Born on 11th December 1853 John Ross was the eldest son of Rev. Robert Ross and his wife Margaret Christie. Rev. Ross had been installed as minister of Fourth Londonderry Presbyterian Church, (Carlisle Road) on 29th March 1850 and was to remain in this position until his death on 1st July 1894.
The young Ross's elementary education included a period at the Model School, Londonderry, (it had opened in 1862), before proceeding to Foyle College where his contempories included Percy French. He subsequently entered Trinity College Dublin where he graduated with a BA in 1877 and LLB in 1879. A member of Grays Inn, (1878), he was called to the Irish Bar in 1879 and practiced on the North West Circuit. He took silk in 1891 and was elected a Bencher in 1893.
Like many of the legal profession he entered politics and served as the Conservative Member of Parliament for the City of Londonderry from 1892 until 1895 when he was defeated. The following year at the age of forty three he was to become the youngest judge in the United Kingdom when he was elevated to the Bench as the Land Judge in the Chancery Division of the High Court of Justice in Ireland. He holds the honour of being the first Presbyterian Irish High Court Judge. In 1902 he was sworn into the Irish Privy Council and in 1902 he was created a Baronet. In 1921 he reached the apogee of his legal career when he was appointed Lord Chancellor of Ireland. He was to be the last individual to hold this appointment, it being abolished in December 1922 at which time Sir John retired to London, but ultimately returned to Northern Ireland to live at Dunmoyle Lodge outside Sixmilecross where he was to die on 17th August 1935. He was succeeded to the baronetcy by his only son Sir Ronald Deane Ross KC, MC , MP who for a time was Recorder of Sunderland.
Sir John's wife whom he married in 1882 was Katherine Mary Jeffcock Mann, the only daughter of Lieut. Col. Deane Mann of Dunmoyle. The match was not approved of by the Manns. The young Ross had two great failings so far as the Manns were concerned, -that he was not from a landed family and his Presbyterianism. Whilst the couple did not exactly elope, Miss Mann is reputed to have walked from her father's seat to Sixmilecross where she took an early morning train to Dublin and then married Ross at St. Michan's Church, (Parish Church to the Law Courts of Ireland), with her parents being absent. The honeymoon was apparently spent riding a tandem from Dublin to Donegal.

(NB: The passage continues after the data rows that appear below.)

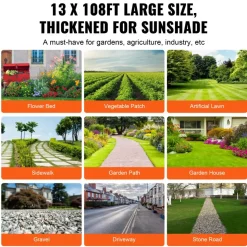 VEVOR 13FTx108FT Premium Heavy Duty Weed Barrier Landscape Fabric, 5OZ Woven Geotextile Fabric Under Gravel, High Permeability for Weed Blocker Weed Mat, Driveway Fabric, Weed Control Garden Cloth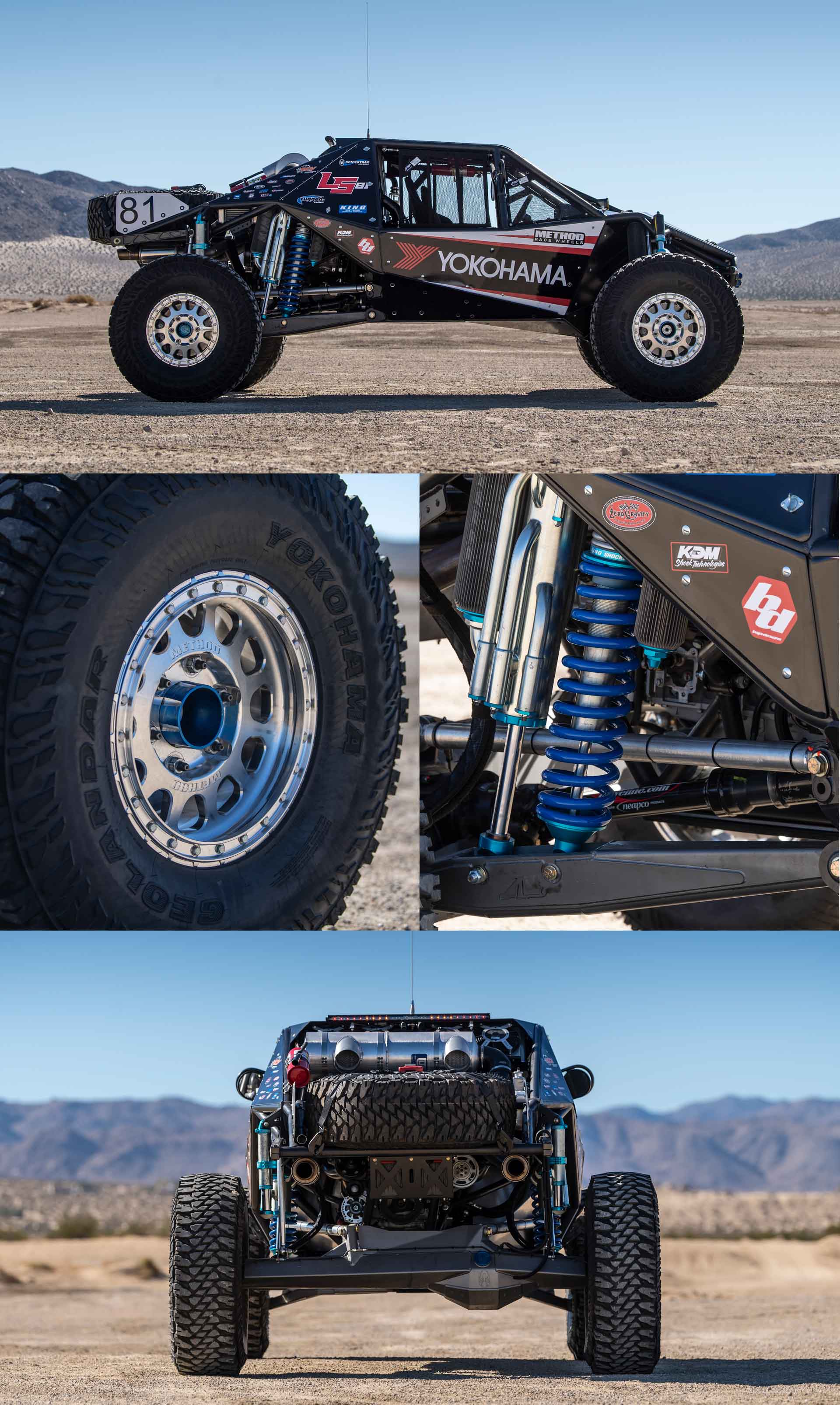 Levi Shirley's Ultra 4 4400 class vehicle offroad at King of The Hammers on Method Race Wheels 103 beadlock wheels.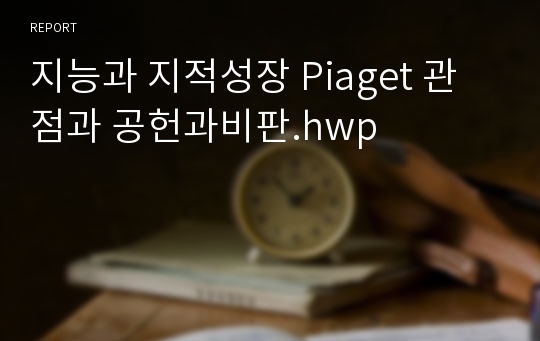 지능과 지적성장 Piaget 관점과 공헌과비판.hwp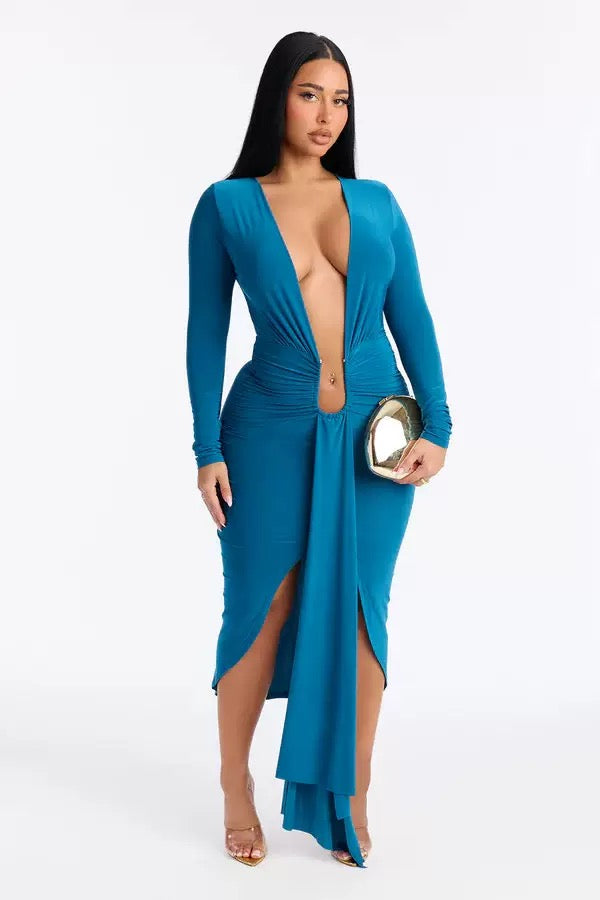 DALIA – Cut-Out Ruched Maxi Dress - Blue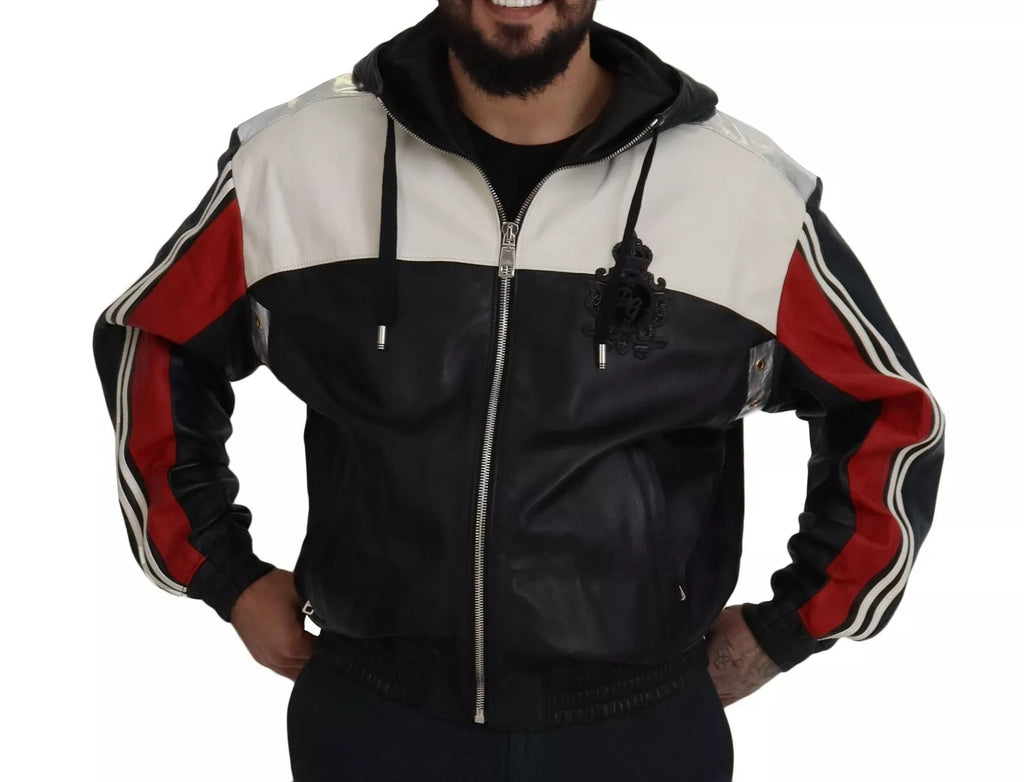 Dolce & Gabbana Schwarze Leder-Blousonjacke mit Kapuze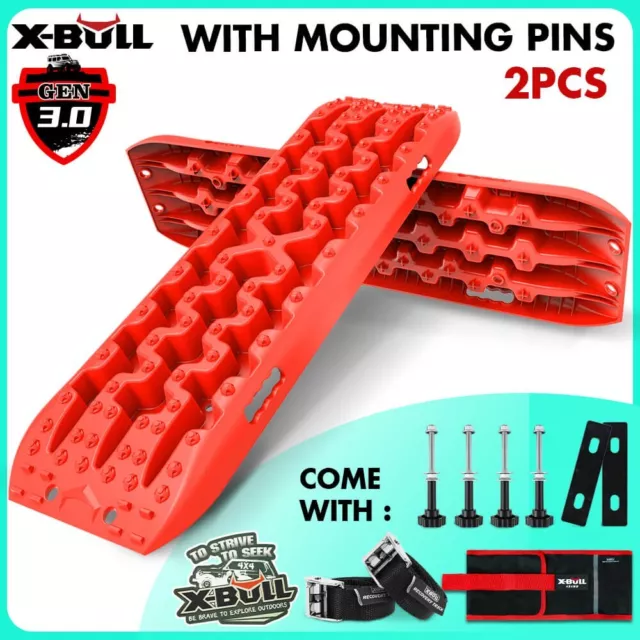 X-BULL 4x4 Recovery Tracks Board Red Sand Tracks/Mud Truck/Off Road 4wd 1 Pair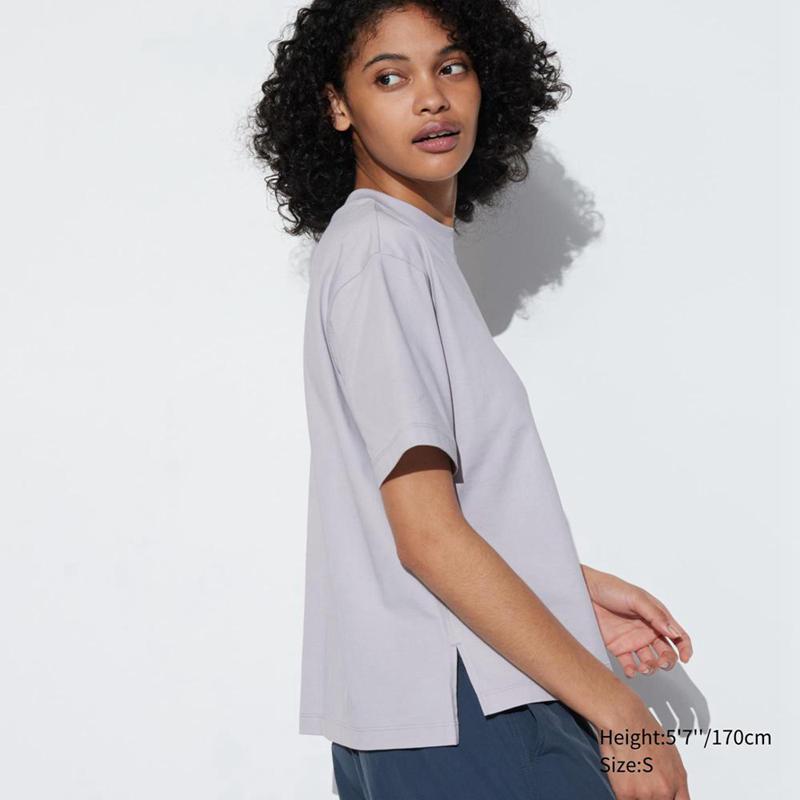 Uniqlo AIRism Cotton Women T-Shirts Khaki  US |  JNUK-60714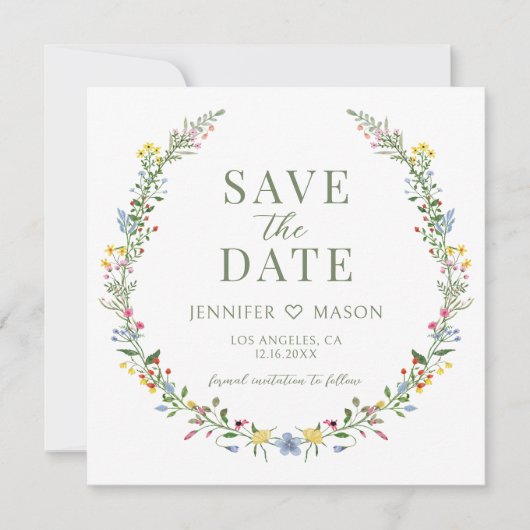 Farbige Wildblume Save the Date Foto Einladung (Vorderseite)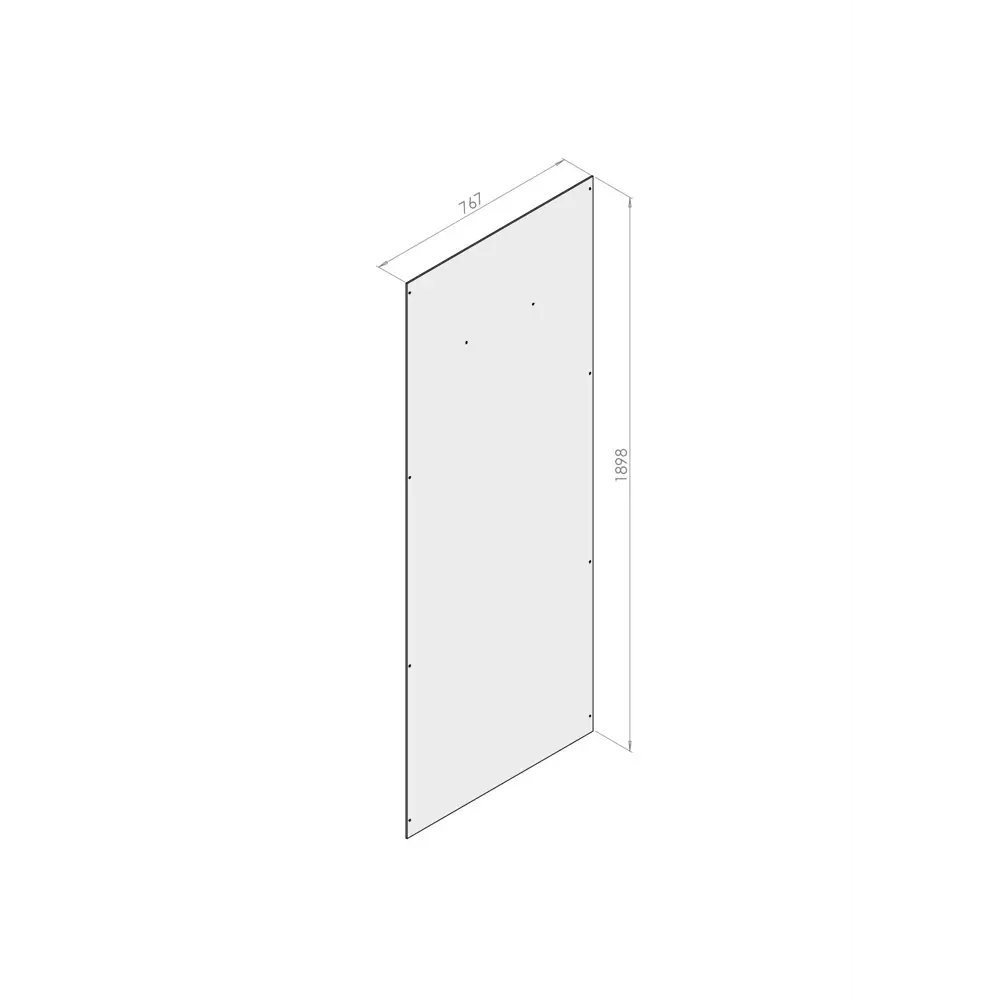 Стенка для душевой ширмы Domani-Spa Simple 1/4 круга 90x90 см 10 отверстий цвет черный STLM-2068595 - Вид №1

Despite the initial antipathy if not hostility between the young couple and the Manns it is clear that relationships must have improved as Dunmoyle would ultimately belong to the Ross's. The house and its large conservatory were demolished in the mid 1960's.
A brother of Sir John Ross, Stuart C. Ross was for many years a solicitor in Londonderry. His firm was ultimately taken over by a nephew (?) Frederick Bond who continued trading under the style of "Stuart C Ross & Co," until his death, when the business was subsumed into a larger practice and the name disappeared.